Voici aussi simplement que possible, ma façon d’aborder ces questions avec
des étudiants qui m’abordent parfois lors de manifestations.
D’où vient cette doctrine?
On voit apparaître cette doctrine de lutte au début des années 80, en
Angleterre; et en Allemagne. Nous sommes à ce moment en pleine crise de
l’emploi affectant gravement les jeunes, et au cœur de la crise sur le
déploiement des missiles de moyenne portée en Europe qui accroissent les
risques de guerre nucléaire accidentelle. Certains groupes anarchistes
radicaux adhèrent à une véritable croyance du « No future »; la guerre
nucléaire totale est à nos portes. Associée à cette croyance, une
véritable analyse radicale critique de la société axée sur le niveau
d’oppression et d’injustice des divers systèmes politique s’est élaborée,
et a été adoptée par certains mouvements anarchistes.
Pourquoi cette doctrine?
La « Diversité des tactique » est associée à une forme d’anarchisme que je
qualifierais du désespoir. Puisqu’il n’y a pas de futur, ce qui compte
avant tout, c’est de vivre, libre de contraintes, maintenant; et « de
perturber ». Le système étant injuste et pourri, nous menant au chaos, à la
guerre nucléaire totale; on doit tout faire pour mettre du sable dans ses
engrenages du système. On pourrait ainsi enclencher sa chute. Y’a pas de
futur anyway… « Après moi le déluge » me semblerait un parallèle
historique approprié.
Ca veut dire quoi, exactement, diversité des tactiques?

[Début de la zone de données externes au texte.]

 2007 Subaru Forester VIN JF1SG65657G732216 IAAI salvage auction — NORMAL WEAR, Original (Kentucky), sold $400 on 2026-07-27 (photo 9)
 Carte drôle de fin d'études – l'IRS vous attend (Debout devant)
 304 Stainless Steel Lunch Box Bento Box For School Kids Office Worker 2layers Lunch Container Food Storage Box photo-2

Fortement inspirés par le mouvement non-violent pour les droits civiques
aux États-Unis, le mouvement pacifiste anti-guerre des années 80, tant en
Angleterre qu’en Allemagne, a essentiellement utilisé avec un certain
succès des moyens de lutte non violents pour empêcher les déploiements de
missiles. La « diversité des tactiques », c’est une contestation du cadre
contraignant, et discipliné, imposant des formations de la non-violence.

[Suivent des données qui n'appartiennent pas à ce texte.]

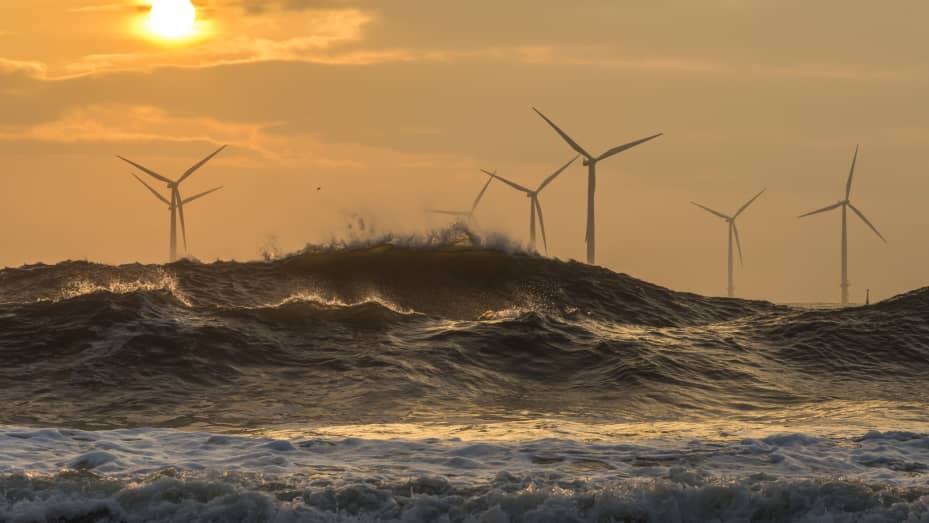 Wind turbines in waters off the coast of the U.K.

C’est l’ouverture, dans la lutte sociale, à toute une gamme de moyens de
perturbation sociale hors des contraintes imposée par la prise de
responsabilité des actes commis. On parle ici de casse ciblée, de saccage
de symboles d’autorité, de riposte aux diverses formes d’abus de l’État;
utilisant souvent la forme Black Block (habits noirs, cagoules,
confrontation par meutes, médics anti-répression…). C’est une doctrine de
lutte spectaculaire, qui touche l’attrait pour le sensationnalisme des
grands média et cherche à légitimer une contre violence dans la lutte à
l’oppresseur ultime, l’État. La doctrine s’est popularisée avec le
développement du mouvement altermondialiste, sur le théâtre d’une
opposition aux grands sommets économiques mondiaux, faisant les choux gras
des agences de presse internationales. C’est en fait, une « légitime
défense » des opposants au système. Le militant est présenté « à la une »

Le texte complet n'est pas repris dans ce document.